[Start of Attachment]
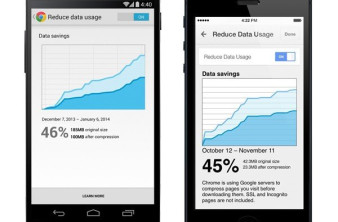 Google Chrome: Νέα έκδοση για συσκευές Android με λειτουργία συμπίεσης δεδομένων για εξοικονόμηση data image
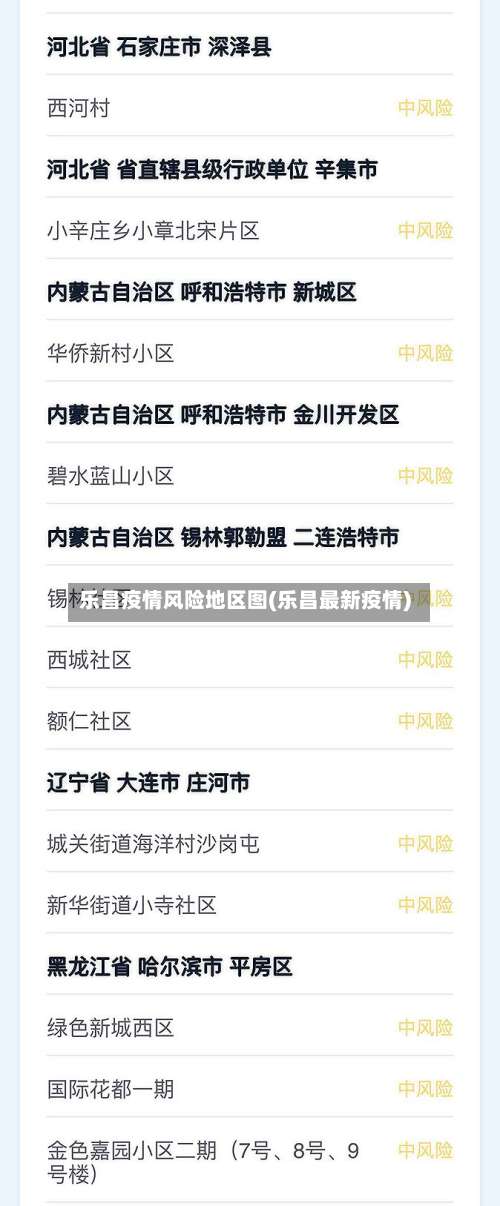 乐昌疫情风险地区图(乐昌最新疫情)-第1张图片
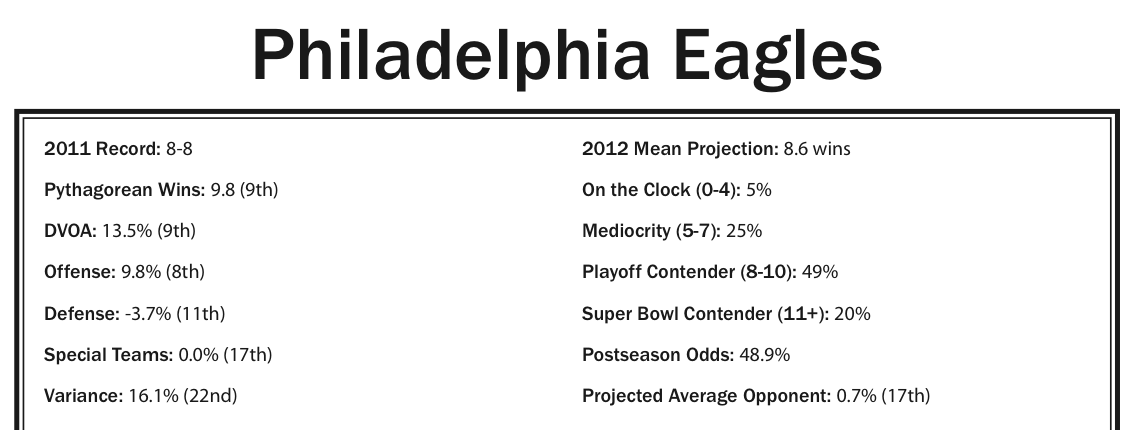 FOA 2012 Eagles Projection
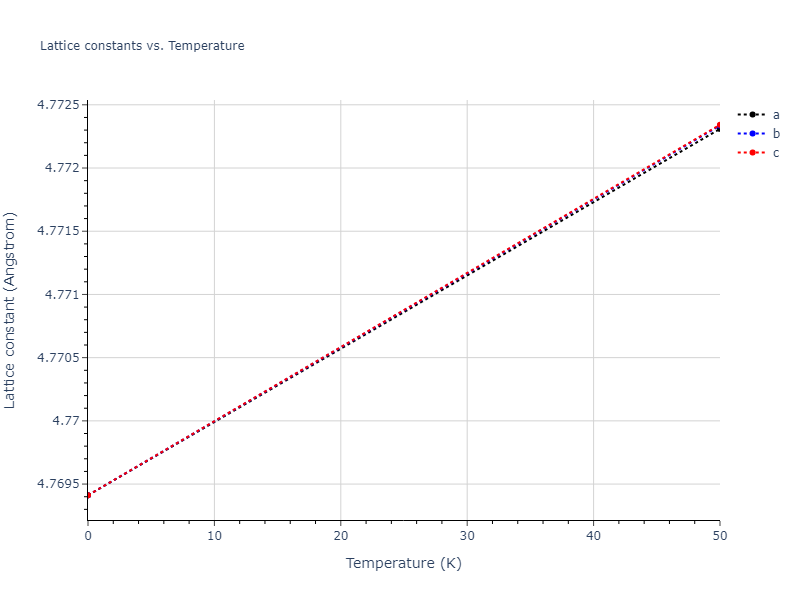 EAM_Dynamo_Mishin_2004_NiAl__MO_101214310689_005/mdsolid.Al3Ni.A15--Cr3Si.4c89a6c8.a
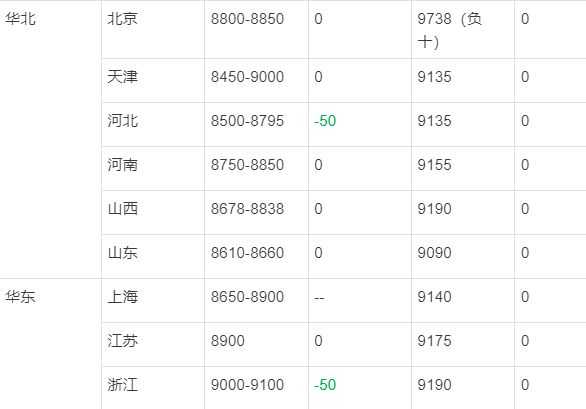 国内汽油柴油最新油价行情表，山东地炼油价行情最新分析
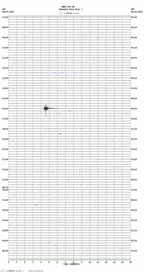 seismogram thumbnail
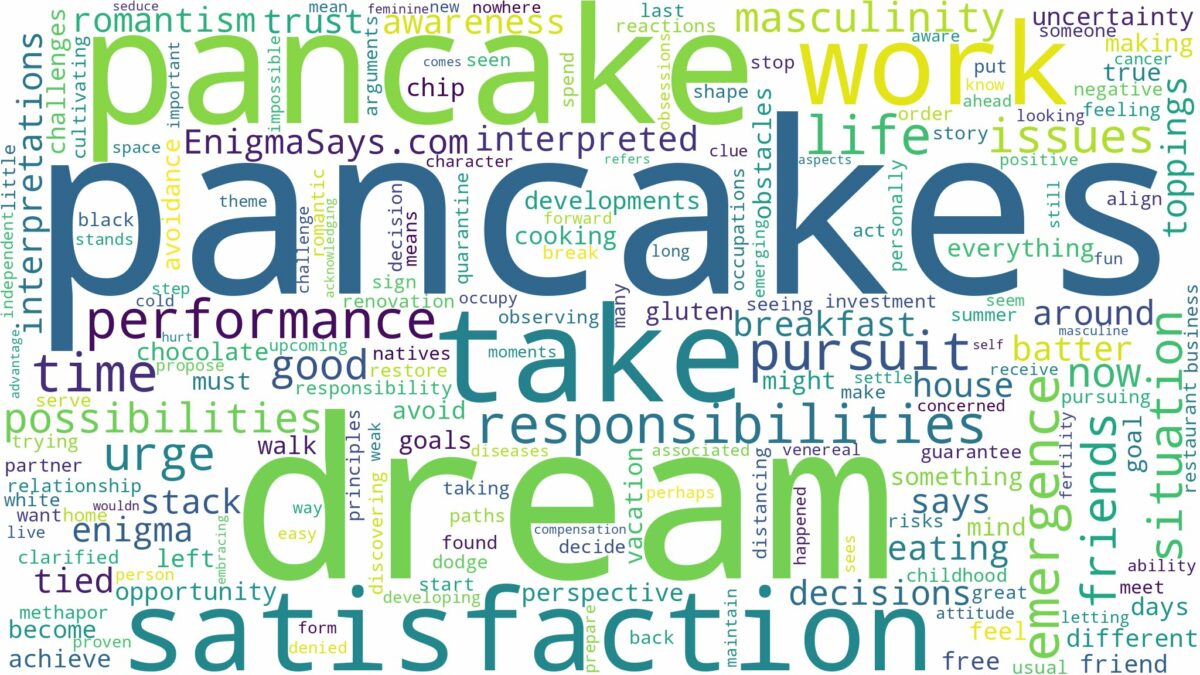 dreams about pancakes and related dreams with their meanings in a word cloud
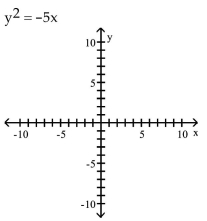Graph the equation. - 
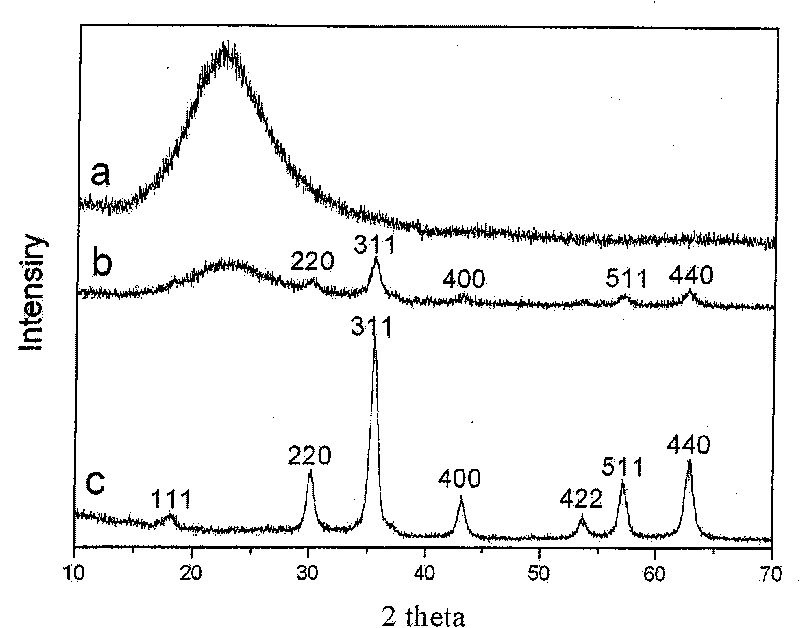 Method for producing magnetic hollow silicon dioxide particle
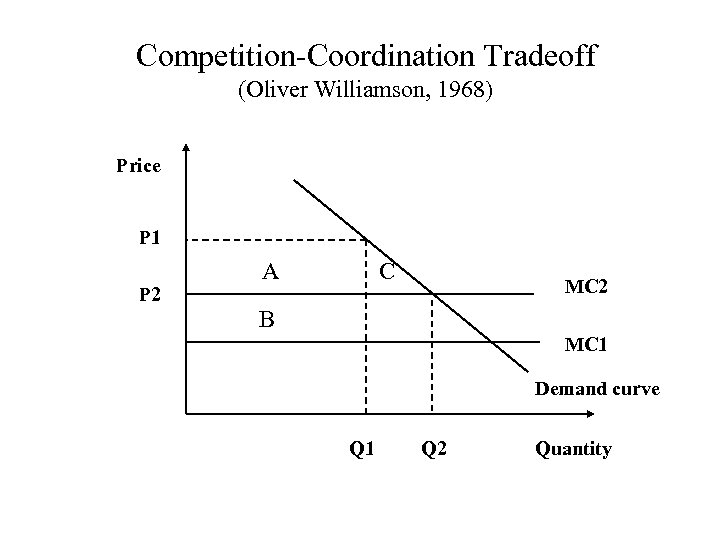 Competition-Coordination Tradeoff (Oliver Williamson, 1968) Price P 1 P 2 A C MC 2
[End of Attachment]
PROBLEM REQUIREMENTS
Exactly as they stand, retype all the entries, but omit the pictures.

ANSWER TO THE EXERCISE
 Google Chrome: Νέα έκδοση για συσκευές Android με λειτουργία συμπίεσης δεδομένων για εξοικονόμηση data image
 乐昌疫情风险地区图(乐昌最新疫情)-第1张图片
 FOA 2012 Eagles Projection
 EAM_Dynamo_Mishin_2004_NiAl__MO_101214310689_005/mdsolid.Al3Ni.A15--Cr3Si.4c89a6c8.a
 国内汽油柴油最新油价行情表，山东地炼油价行情最新分析
 seismogram thumbnail
 dreams about pancakes and related dreams with their meanings in a word cloud
Graph the equation. - 
 Method for producing magnetic hollow silicon dioxide particle
 Competition-Coordination Tradeoff (Oliver Williamson, 1968) Price P 1 P 2 A C MC 2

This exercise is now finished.